::: Information shown
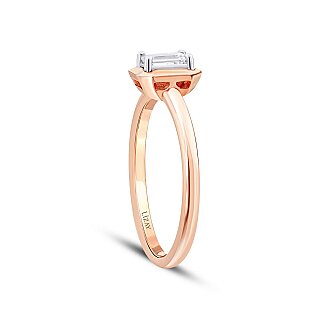 0.30 Karat Pırlanta Emerald Tektaş Yüzük - 2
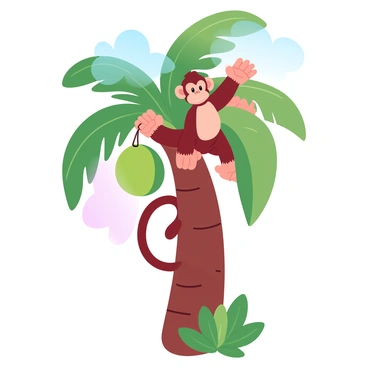 A playful monkey is sitting atop a tall coconut tree, with its arms extended towards the coconuts hanging from the branches. The monkey has a fluffy tail that curls around the trunk of the tree. The coconuts are large and green, contrasting against the brown bark of the tree. Lush green leaves surround the monkey, creating a vibrant tropical atmosphere. The sky in the background is a soft gradient of pastel colors, enhancing the overall cheerful scene.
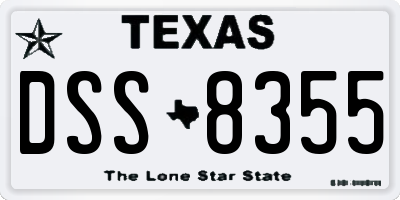 TX license plate DSS8355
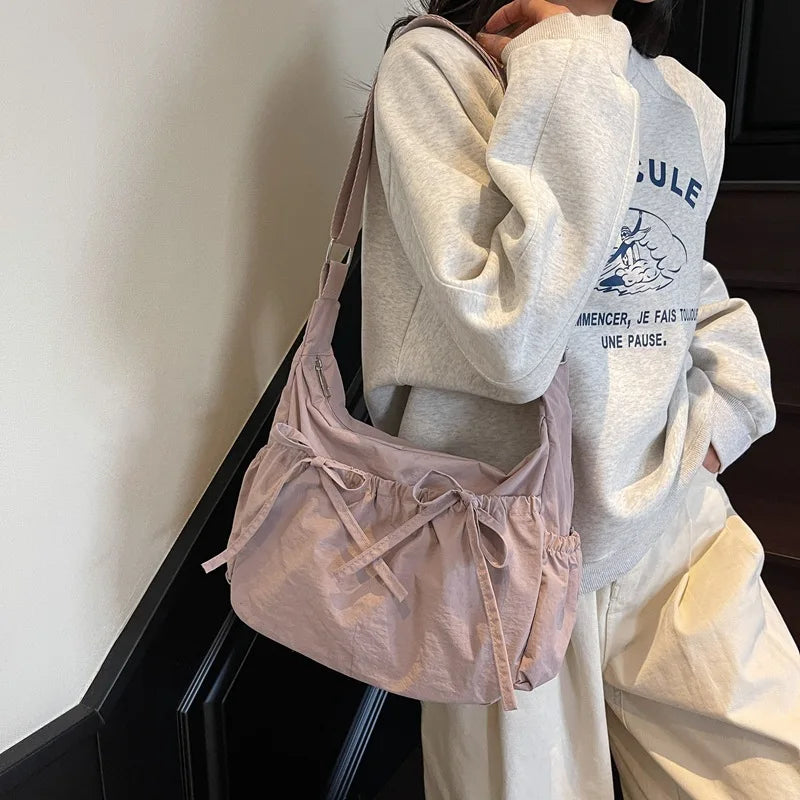 حقائب كتف نسائية كبيرة السعة، خفيفة الوزن، مصنوعة من النايلون، حقيبة كروس بودي مطوية، متعددة الجيوب، حقيبة هوبو للنساء أثناء التنقل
::::::
Description of the task
Before you finish, make sure every line above has been repeated exactly and no picture remains in the copy.

Your solution
 0.30 Karat Pırlanta Emerald Tektaş Yüzük - 2
 A playful monkey is sitting atop a tall coconut tree, with its arms extended towards the coconuts hanging from the branches. The monkey has a fluffy tail that curls around the trunk of the tree. The coconuts are large and green, contrasting against the brown bark of the tree. Lush green leaves surround the monkey, creating a vibrant tropical atmosphere. The sky in the background is a soft gradient of pastel colors, enhancing the overall cheerful scene.
 TX license plate DSS8355
 حقائب كتف نسائية كبيرة السعة، خفيفة الوزن، مصنوعة من النايلون، حقيبة كروس بودي مطوية، متعددة الجيوب، حقيبة هوبو للنساء أثناء التنقل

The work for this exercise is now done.